-- Problem to work on --
Among the entries below, please repeat exactly and only the lines from the line containing "CH KWOK Mens" to the line containing "AZDelivery 5 x", both lines included.

-- Provided data --
◇ ◇ ◇
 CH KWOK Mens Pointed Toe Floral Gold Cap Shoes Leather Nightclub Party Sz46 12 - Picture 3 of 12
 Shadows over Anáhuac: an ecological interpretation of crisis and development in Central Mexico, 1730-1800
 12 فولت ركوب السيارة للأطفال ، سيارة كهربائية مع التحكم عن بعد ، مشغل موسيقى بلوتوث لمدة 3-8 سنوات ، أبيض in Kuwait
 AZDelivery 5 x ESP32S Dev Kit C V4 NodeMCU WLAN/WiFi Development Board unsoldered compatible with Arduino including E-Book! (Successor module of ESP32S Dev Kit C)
◇ ◇ ◇
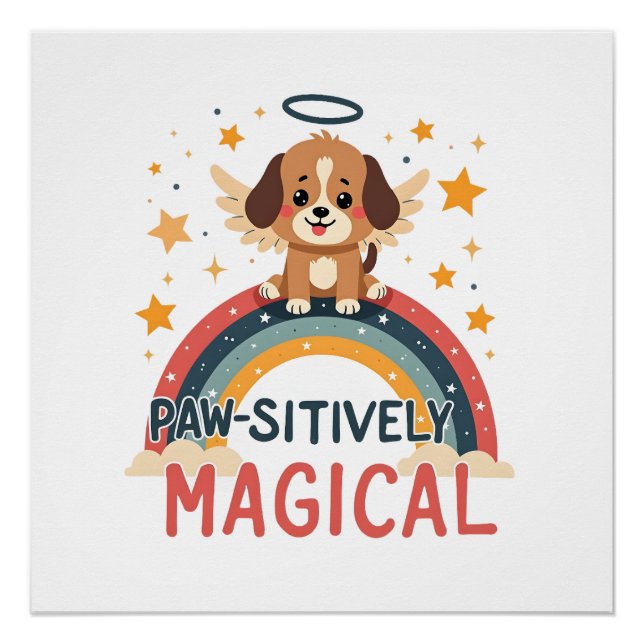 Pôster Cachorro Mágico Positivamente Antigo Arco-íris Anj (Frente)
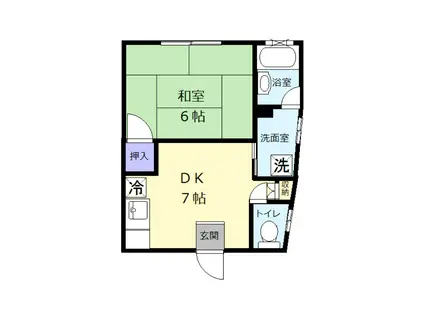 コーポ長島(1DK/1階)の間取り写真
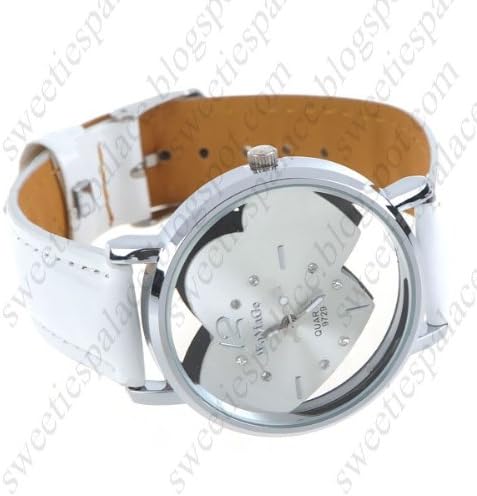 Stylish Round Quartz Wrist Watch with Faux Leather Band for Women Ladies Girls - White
◇ ◇ ◇
-- Answer to this problem --
 CH KWOK Mens Pointed Toe Floral Gold Cap Shoes Leather Nightclub Party Sz46 12 - Picture 3 of 12
 Shadows over Anáhuac: an ecological interpretation of crisis and development in Central Mexico, 1730-1800
 12 فولت ركوب السيارة للأطفال ، سيارة كهربائية مع التحكم عن بعد ، مشغل موسيقى بلوتوث لمدة 3-8 سنوات ، أبيض in Kuwait
 AZDelivery 5 x ESP32S Dev Kit C V4 NodeMCU WLAN/WiFi Development Board unsoldered compatible with Arduino including E-Book! (Successor module of ESP32S Dev Kit C)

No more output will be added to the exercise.